Le ciel se gonflait de décharges électriques depuis que la foudre s'apprêtait à tomber sur la ville. La pluie se déposait depuis quelques minutes et les pavés humides se devinaient sous les éclairs menaçants. Au sol, la vie se bousculait et les passants rejoignaient rapidement un abri sous lequel attendre que l'orage passe son chemin. Peu à peu, le ciel s'obscurcissait et les ruelles se faisaient balayer par la pluie chancelante. Les parapluies se pliaient sous le poids des trombes d'eau et les bourrasques de vent menaçaient de briser leurs baleines. Au loin, le tonnerre entonnait son chant funeste et ses échos détonnaient sous son cisaillement destructeur. Le ciel venait de se tordre de douleurs, il crachait ses éclairs meurtriers portés par l'instabilité de son humeur. La puissance dévastatrice se heurtait à la fragilité de l'écho qui bien malgré lui flattait sa maitresse lorsque ses hurlements faisait vriller le sol. La plainte métallique de son fourreau venait de cogner le sol bruyamment et il continuait de le marteler jusqu'à ce qu'il se brise sous ses assauts, lacéré par sa foudre rougeoyante.

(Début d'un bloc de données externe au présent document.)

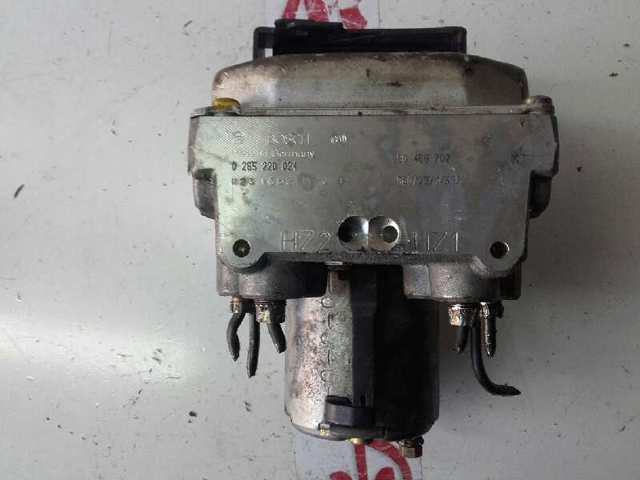 0265220024 Opel Блок управління АБС (ABS)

La pénombre. Son charme sarcastique et ses fausses promesses se brisaient sous la clarté de ces oracles lumineux. Le ciel se mettait à fustiger les entrailles de la Terre et provoquer sa colère. Les portes de l'Enfer venaient de s'entrouvrir et elles laissaient les cieux déverser ses pluies diluviennes pour nettoyer les chapes souillées et noyer les peuplades subordonnées. Son martellement rythmait ses attaques et bientôt des hordes d'oiseaux se mêleraient à la déflagration citadine. Leur pépiement présageait la fin du règne de toute civilisation et leurs ombres avaleraient bientôt la moindre parcelle de vie. Les ailes meurtries voyageaient et se hissaient au plus haut des édifices. Elles surplombaient les toits, les becs cognaient les uns contre les autres et provoquaient des petites étincelles sur les armatures industrielles. Le chaos venait d'abattre ses dernières cartes et il narguait son petit peuple à la cime des arbres. Il se pavanait fièrement dans son manteau de feu et de sang tout en continuant de terroriser la petitesse d'âme qui courrait et se cachait pensant encore pouvoir lui échapper.

La peur. Elle alimentait son hardiesse et multipliait la puissance de ses attaques. Les fonds de pantalons s'humidifiaient à mesure que le ciel se gorgeait de brumes et de sillons. Les femmes et les enfants pleuraient. La cruauté n'avaient jamais atteint un tel sommet d'impétuosité depuis que les corps des armées jetaient des bombes sur leurs villages. Les petits orphelins couchaient sous les corps inanimés de leurs ainés semblaient eux aussi laissés pour mort. Les yeux révulsés laissaient encore s'échapper les larmes cristallines de ces mères qui abandonnaient leurs touts petits dans ce monde de pervers narcissiques. L'Armageddon voyait le mal triompher au cœur de ses plus belles triades de plombs. Le jugement dernier venait de retentir sous la terreur de ses ailes d'acier et elles dansaient inébranlables sous les feux de ses projecteurs. La guerre venait d'arracher les entrailles affamées d'innocents laissant soin à ses spectateurs de trouver un sens à ce massacre. Et ils trouveront sans mal des excuses à leurs bourreaux et gargariseront l'injustice comme des plus notoire. Les plus complaisants distilleront avec soin cette débâcle en instruisant à leur progéniture le goût de l'injustice et de la complainte du damné.